Cardiac arrhythmia can arise not only from hypokalemia but also from associated cardiac dysfunction and myopathy in these patients. ECG signs for hypokalemia is more pronounced than in normal persons with the same level of hypokalemia.6 Maintaining normal serum potassium will prevent arrhythmia related to hypokalemia only.

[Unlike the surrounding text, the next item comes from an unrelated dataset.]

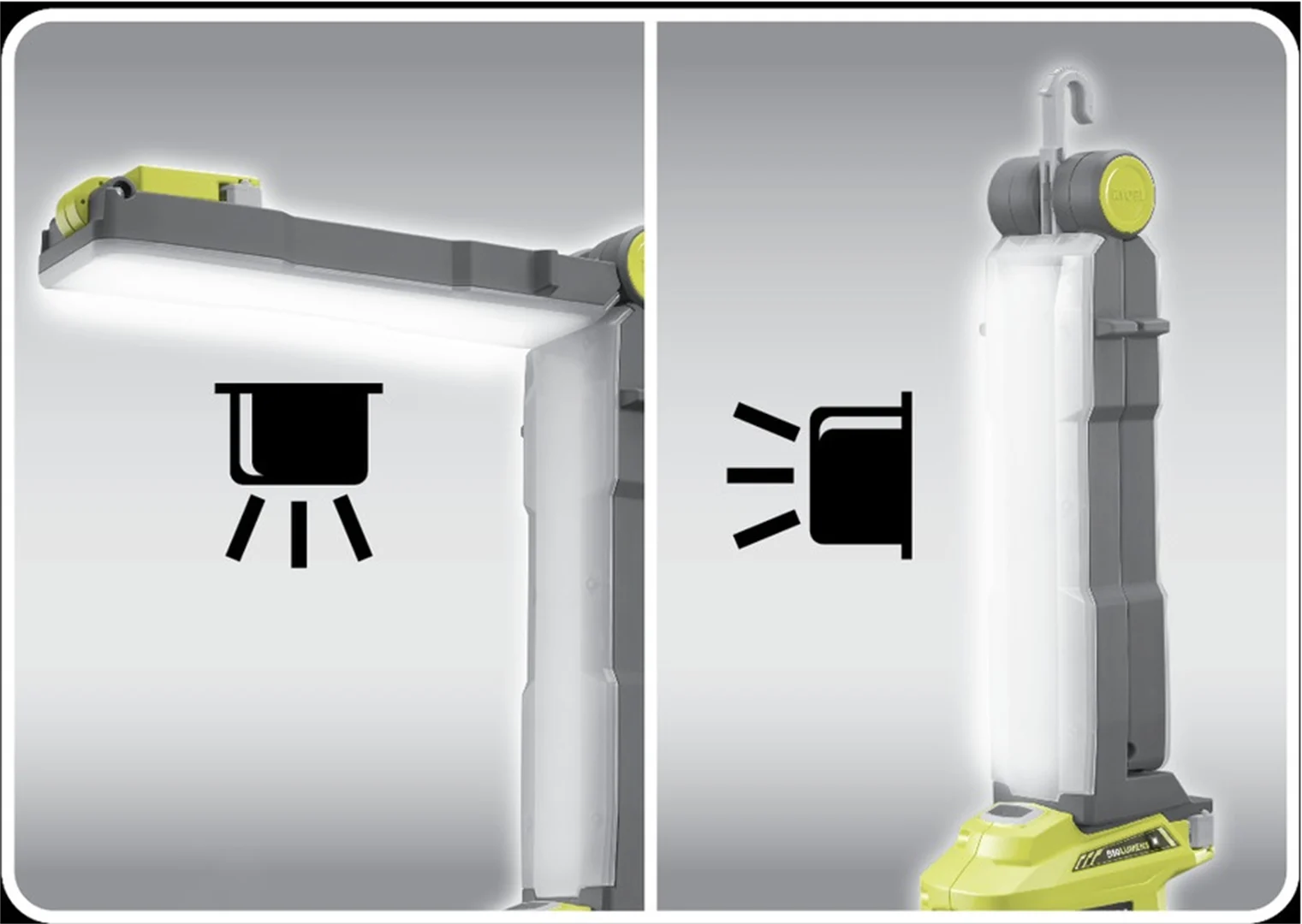 Lampa akumulatorowa 18V Ryobi ONE+ R18ALF-0 - obrazek 6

Kramer et al have reported cardiac dysfunction in a young adult who presented with HOKPP with increased myocardial fraction of CPK (myocardial band), alteration in the lactic dehydrogenase isoenzyme pattern, severe bradycardia and decreased left ventricular dysfunction.13 There have been other reports of arrhythmias with Thyrotoxic variety of HOKPP. This variety is more common in Asian countries and hence this should be kept in mind while evaluating patients with HOKPP in these countries.14
Fluctuations in electrolytes, infection and pain can lead to paralysis in the postoperative period. Epidural analgesia helped our patient have an uneventful perioperative course.2,15 Hypokalemia manifests earlier than paralysis and so correction can prevent paralysis.3
In conclusion we report the anaesthetic management of a case of hypokalemic periodic paralysis who underwent a major upper abdominal surgery. Adequate preoperative preparation, vigilant intraoperative monitoring of potassium and aggressive correction of hypokalemia, avoiding factors that can trigger hypokalemia and good postoperative pain relief measures go a long way in the successful management of these groups of patients.